I had a specific question about the execution context of app.js. If I have a event loop (while True) running in app.js and I move between different native controls does the loop continue to run or is it paused? Will code in app.js run across all controls?
Thanks for an interesting question, which provoked an interesting subsequent discussion! :)
In Titanium the code of a single context runs in a single thread with each line of code run in sequential order. Whereas, a new context (invoked, for example, by a new window's creation) runs in a separate and new thread.
If a loop exists and, inside that loop, another context is invoked, the child context will not block the loop's execution, meaning that both may run simultaneously.
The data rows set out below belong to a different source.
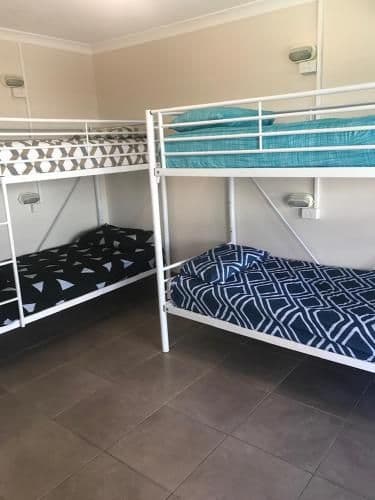 Bed in 4-Bed Dormitory Room with Shared Bathroom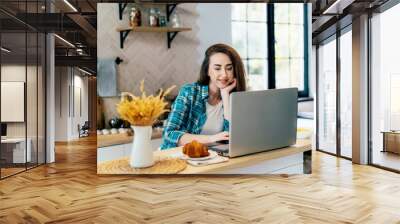 Business thirty professional woman working on laptop in the kitchen at home. A real female freelancer uses a computer to work remotely from home. Wall mural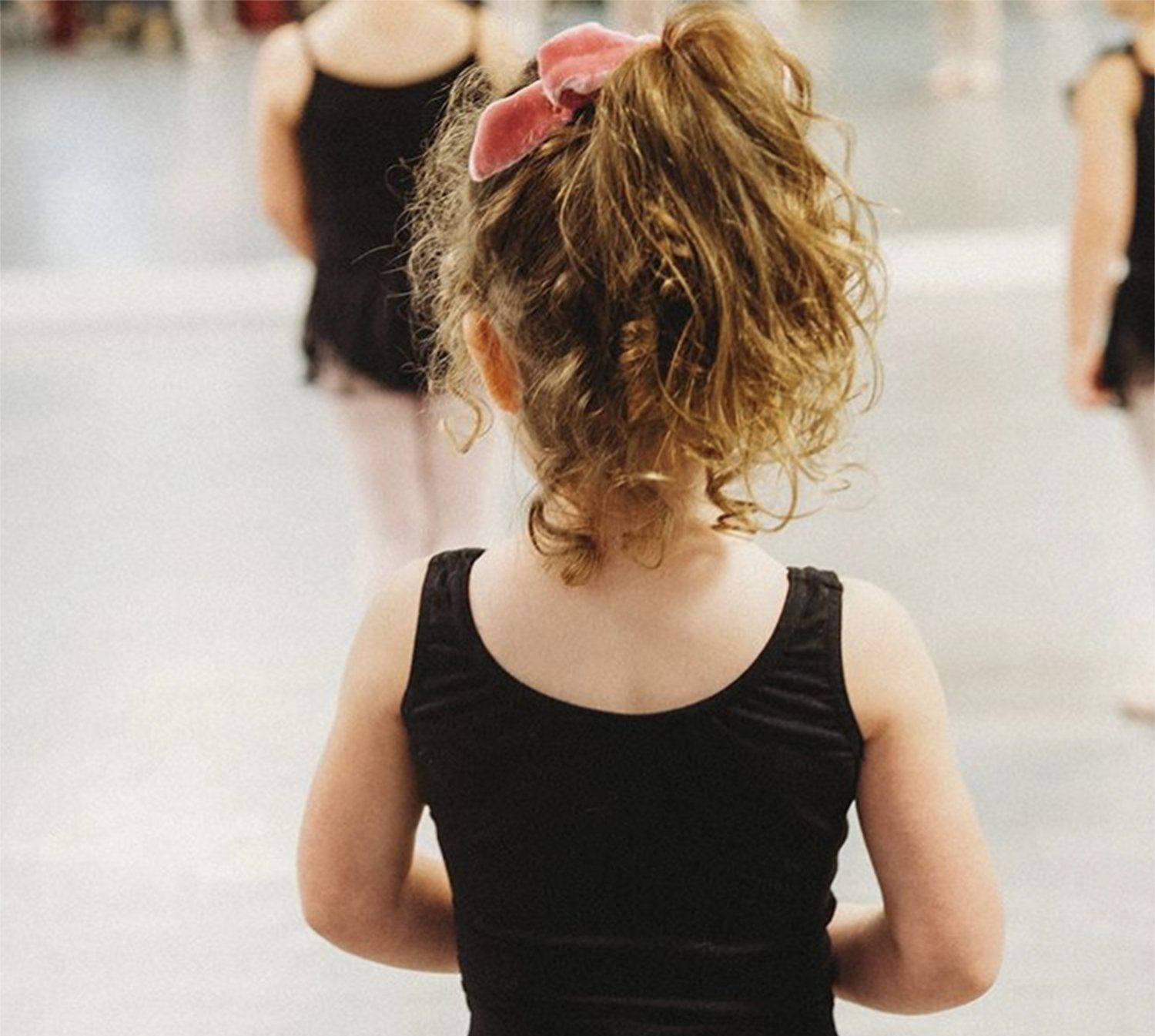 Girl in black leotard with pink bow in hair watches ballet class.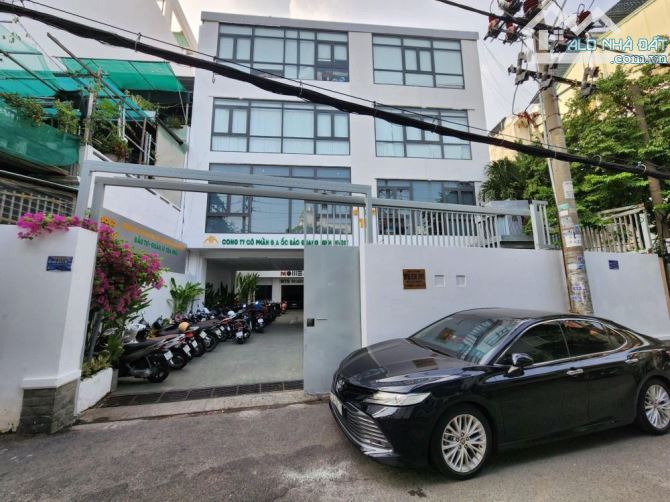Bán Tòa Nhà HXH Nơ Trang Long P.12 BT DT 742m2 KC 4 Tầng TM HĐT 240Tr - Giá 109 Tỷ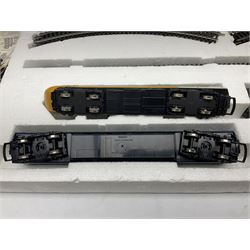 Hornby '00' gauge - Intercity 125 2-car set Nos.43010 & 43011 with one coach in original box with track and additional 4-6-0 locomotive and tender No.7476 and goods wagon; and another similar HST Intercity 125 2-car set Nos.43125 & 43126 with two coaches in original box with track and controller (2)
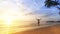 Young man happily jumping on the ocean beach.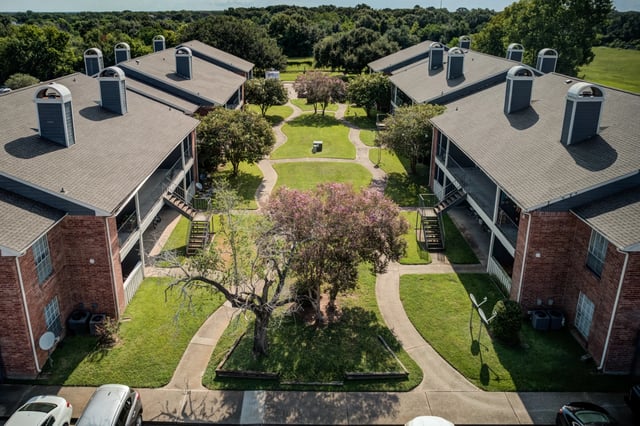 Aerial view of apartment buildings with central courtyard and walking paths.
> If I have a event loop (while True) running in app.js and I move between different native controls does the loop continue to run or is it paused?
On this point, you seem to imply that you intend for the loop to run continuously, waiting on a condition to be satisfied before taking action. Don Thorp, from the core dev team, believes this would be bad practice, as it would literally "suck the battery right out of the device". This would likely lead to you losing a significant amount of your user base due to its bad effects.
The recommendation is for you to instead use custom events, which can work across contexts. Alternatively, if you are interested in benchmarking and optimising your app, there is a technique using Timers that allows you to emulate asynchronous processing that can help to improve the responsiveness of an app in certain situations. Don Thorp has verified that this would be possible.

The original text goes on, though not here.